Sur le terrain, la hiérarchie intermédiaire suit l’exemple du grand chef et les injonctions en direction des enseignants pleuvent. Comme ce principal de collège qui assène 6 notes de service en 2 semaines de confinement. Tout se réglemente : quand donner le travail aux élèves, en quelle quantité, comment gérer l’évaluation... comme si le contexte de l’enseignement à distance détruisait la liberté pédagogique, comme si l’enseignant n’était plus l’expert de sa relation avec les élèves... Le ton des missives allant du mépris (pardon, bienveillance) à l’infantilisation en passant par l’autoritarisme.
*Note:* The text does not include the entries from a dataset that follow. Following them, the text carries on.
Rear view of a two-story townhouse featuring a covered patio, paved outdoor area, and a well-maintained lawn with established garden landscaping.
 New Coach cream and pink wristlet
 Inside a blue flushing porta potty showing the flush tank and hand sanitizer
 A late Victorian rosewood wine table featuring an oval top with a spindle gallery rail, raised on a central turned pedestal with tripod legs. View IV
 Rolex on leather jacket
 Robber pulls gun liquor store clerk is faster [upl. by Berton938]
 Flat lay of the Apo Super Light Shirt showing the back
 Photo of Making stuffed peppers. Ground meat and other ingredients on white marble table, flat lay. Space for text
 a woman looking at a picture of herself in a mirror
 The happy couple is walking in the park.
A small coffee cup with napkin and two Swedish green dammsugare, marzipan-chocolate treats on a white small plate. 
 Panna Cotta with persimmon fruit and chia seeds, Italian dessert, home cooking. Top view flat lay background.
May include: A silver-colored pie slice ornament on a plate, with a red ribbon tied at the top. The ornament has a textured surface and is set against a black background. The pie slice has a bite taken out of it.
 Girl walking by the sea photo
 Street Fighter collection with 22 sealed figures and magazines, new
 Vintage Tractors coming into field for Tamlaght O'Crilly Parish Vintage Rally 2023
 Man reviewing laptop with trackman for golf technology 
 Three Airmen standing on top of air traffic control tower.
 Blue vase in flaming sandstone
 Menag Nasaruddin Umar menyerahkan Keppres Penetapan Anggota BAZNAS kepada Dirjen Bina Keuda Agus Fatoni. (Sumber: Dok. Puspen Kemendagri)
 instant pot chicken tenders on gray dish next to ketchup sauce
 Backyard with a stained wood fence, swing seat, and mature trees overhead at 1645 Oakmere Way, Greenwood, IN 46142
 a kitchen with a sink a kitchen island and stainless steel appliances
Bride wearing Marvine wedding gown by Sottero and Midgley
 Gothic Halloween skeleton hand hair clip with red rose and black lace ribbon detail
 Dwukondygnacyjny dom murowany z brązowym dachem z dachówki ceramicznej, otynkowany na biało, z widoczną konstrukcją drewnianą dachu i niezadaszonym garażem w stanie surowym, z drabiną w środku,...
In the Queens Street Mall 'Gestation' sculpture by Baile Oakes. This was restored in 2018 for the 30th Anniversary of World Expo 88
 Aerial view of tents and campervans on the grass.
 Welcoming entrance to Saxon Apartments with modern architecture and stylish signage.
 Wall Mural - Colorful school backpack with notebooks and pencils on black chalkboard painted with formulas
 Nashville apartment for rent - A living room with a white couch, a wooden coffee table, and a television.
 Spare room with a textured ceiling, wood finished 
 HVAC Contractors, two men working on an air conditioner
Dernière nouveauté, toujours en droite ligne des souhaits du ministère : maintenir le contact. Pour cela, liste des élèves en google doc, ordre donné d’appeler trois élèves par jour (avec horaires des appels), d’envoyer un mail au préalable... tout est prévu, ordonné ! Bien sûr, l’enseignant n’a rien à dire, il n’est qu’un exécutant ! Et l’imagination de nos chefs semblent sans limite, chaque jour amène son lot de nouveaux exemples : tel ce proviseur adjoint qui passe commande de capsules vidéo aux enseignants, entre autres, "pour mettre en valeur l’établissement"… ; tel autre qui propose de garder le lien avec les élèves pendant les congés, avec inscription sur un tableau des volontaires et non volontaires !
Notre rectrice aussi y va de son courrier. Ici, ce sont les professeurs principaux qui doivent faire face à une inflation de leurs tâches, bien au-delà de leurs missions. « Réguler le travail transmis aux élèves », « veiller à une charge équilibrée entre toutes les disciplines et sur la durée de la semaine », « tisser des liens entre les enseignants de l’équipe pédagogique », en étant particulièrement attentif aux éventuelles difficultés rencontrées par les professeurs stagiaires, « s’assurer qu’on ne perd personne en chemin », « assurer l’accompagnement à l’orientation »… Le tout en continuant à préparer des activités pour leurs élèves et en préservant leur équilibre familial… Pensée magique, quand tu nous tiens !
Tout cela part évidemment des bonnes intentions : tous les élèves n’ont pas la même autonomie, tous ne disposent pas du matériel informatique ou ne sont pas égaux devant l’usage de l’outil numérique.
Les enseignants sont déjà pleinement engagés pour maintenir la continuité du service public d’éducation, c’est à eux, collectivement, de définir l’organisation du travail de leurs élèves, les modalités pour maintenir le lien avec eux.
Rappelons que dans cette situation de « télétravail », les personnels utilisent, encore plus qu’en temps normal, leur matériel personnel : ordinateur, imprimantes, papier, connexion internet etc. Raison pour laquelle le SNES-FSU a rappelé au Ministre sa revendication d’une prime d’équipement, d’une importance encore plus grande dans la situation actuelle.